Ignoring the evidence

It’s a genuinely meaningful thing, even in some very serious circumstances. For instance, all the early evidence again David Camm in the September 2000 murder of his family was shown to be either inaccurate or unreliable, but the Indiana cops had already decided. A sweatshirt found at the scene bore the DNA, prison nickname and Department of Corrections number of a man called Charles Boney, whose previous crimes bore similarities, yet Boney was ignored. The cops only tested the sweatshirt for Camm’s DNA, because they ‘knew’ it was him. And perhaps they never read the label. Camm was not just tried, but convicted.

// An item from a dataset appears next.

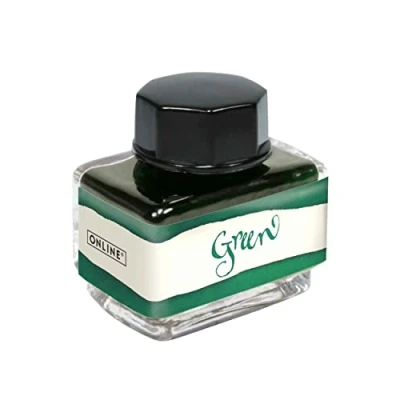 Image de ONLINE encre verte, pot à 15ml, de remplissage multicolore pour calligraphie, handlettering, d&#039;écriture, encrier convertisseur, recharge base d&#039;eau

When the ‘foreign’ DNA was finally tested five years later, did the cops finally admit they were wrong? No. Camm was re-convicted as an accessory, despite the men having no link. Camm was only acquitted and released in 2013. The cops are probably still convinced he did it.

If confirmation bias can get extreme enough to put an innocent man in prison – twice – you can be sure it can fuel an insistence that somebody’s bike is the best no matter what gets invented afterwards.

Of course maybe I’m wrong. New designs such as Boost axle spacing, plus-sized wheels and 12-speed are marketing BS, and I’ve fallen for it. And for everything else. But as the alternative is bikes that don’t change at all (while prices go up because labour, distribution and marketing costs increase regardless), I’m okay with that.


We used to have quill stems, square-taper cranks, 7-speed blocks, rim brakes, bolted seatposts, wire axles and road bike geometry. I, for one, am pleased that next year’s bikes will be covered in Awkward New Measurement Technology.